Democratic government involve rhetoric to persuade. In recent posts, I describe an alternative dedomenocracy that replaces human debate and deliberation with automated algorithms working on large-scale data collections in order to generate short-lived rules that everyone must follow. While this concept government by data removes humans from the decision making process, humans still contribute in two ways: first by practicing data science to scrutinize the quality of data and algorithms, and second by being the source of data for future rule making.
With rule making algorithms that are strictly objective without any human biases (including prior concepts of Truth, or theories) other than statistical methods, the results of the algorithms are very much dependent on the data. In such a system, data (not software) determines the behavior of the algorithms. This presents the opportunity for abuse or manipulation to gain an unfair advantage from automated rule making by introducing specially designed data.

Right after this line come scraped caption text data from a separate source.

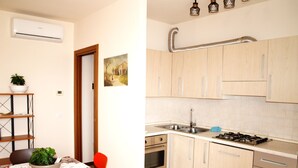 A modern kitchen with light wood cabinets, a stainless steel sink, and a gas stove. There is a dining area with a table covered by a lace tablecloth and a potted plant. - Diana apartment, near the historic center bright and spacious (Oderzo)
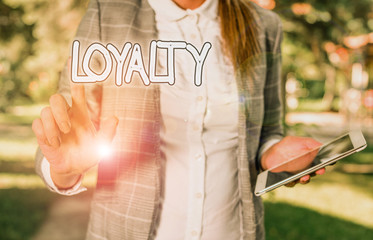 Conceptual hand writing showing Loyalty. Concept meaning faithfulness to commitments or obligations...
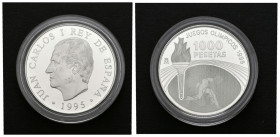 JUAN CARLOS I. 1000 Pesetas. (Ar. 13,50g/33mm). 1996. "JUEGOS OLIMPICOS 1996". Presentada en estuche oficial con certificado. PROOF.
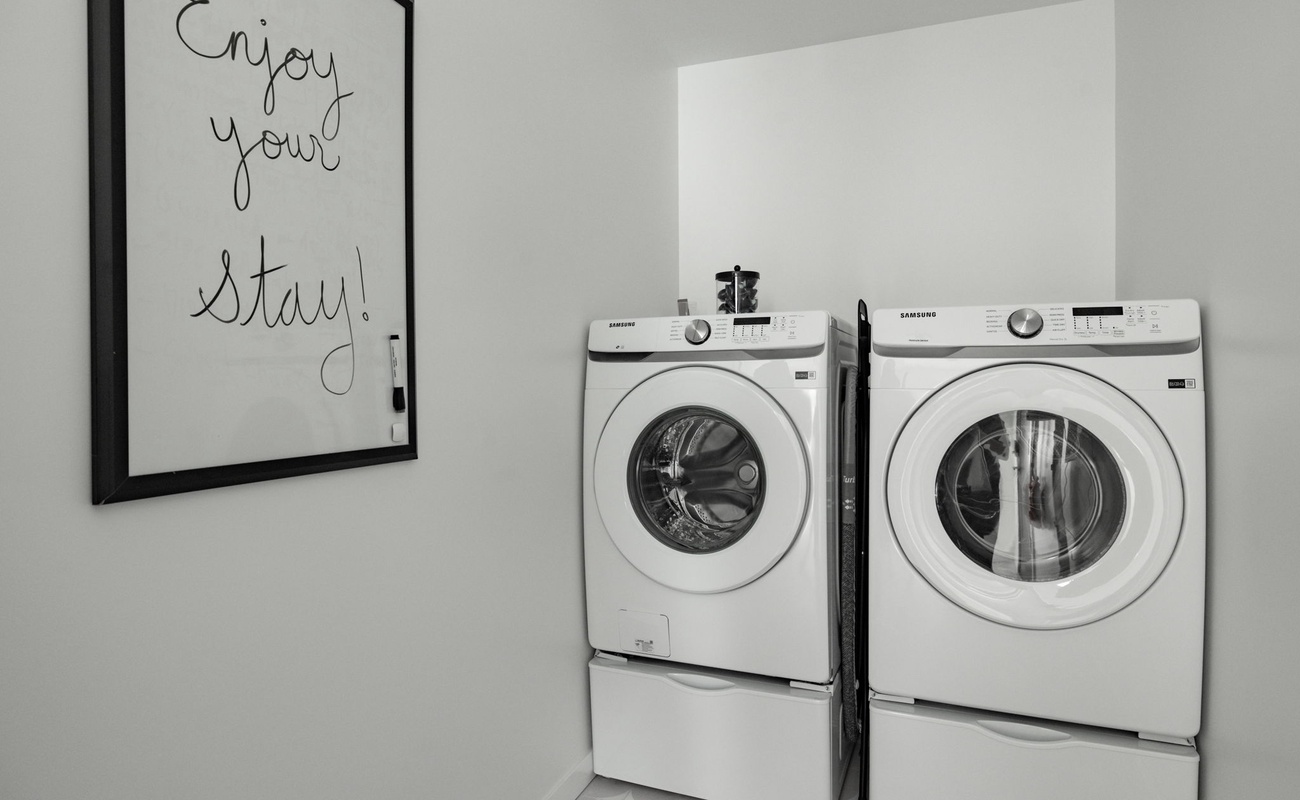 Where clothes go to glow up—this laundry space is serving spotless and stylish.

Although governing by data eliminates the need for classical rhetoric in making decisions, there is a need for a comparable discipline in evaluating the validity of data. The data science of scrutinizing the data needs a science to identify fallacies in data.
In many earlier posts, I discussed the problem of model-generated data where we use theories to create data to substitute for missing data (a concept I call dark data) or we use theories to reject data as part of data cleansing when data departs too far from theory prediction (a concept I call forbidden data). Generally, I argue that both practices are wrong: we should leave missing data empty, and we should retain any data no matter how surprising it is. In both cases, we can flag the fact that the data is missing or the data is suspect, but the data store should contain only as-is data: data as observed by an authenticated sensor. When we permit models to inject artificial data or to reject actual data, we bias our data store with past theories and this can blind us from discovering something new about the world.
Dark and forbidden data are comparable to classical rhetoric’s concepts of fallacies. Dark and forbidden data are data fallacies. As in rhetoric where identification of fallacies can invalidate arguments, data fallacies can invalidate the data or the analytics based on that data.
Just as the history of rhetoric has identified many rhetorical fallacies to avoid being persuaded of bad arguments, there is a need to identify many data fallacies for the same reason. Data fallacies provide a defense against attempts to manipulate data to gain an unfair advantage in the resulting analytic-based rule-making.
The following are some other ideas as possible data fallacies that can unfairly influence automated rule making.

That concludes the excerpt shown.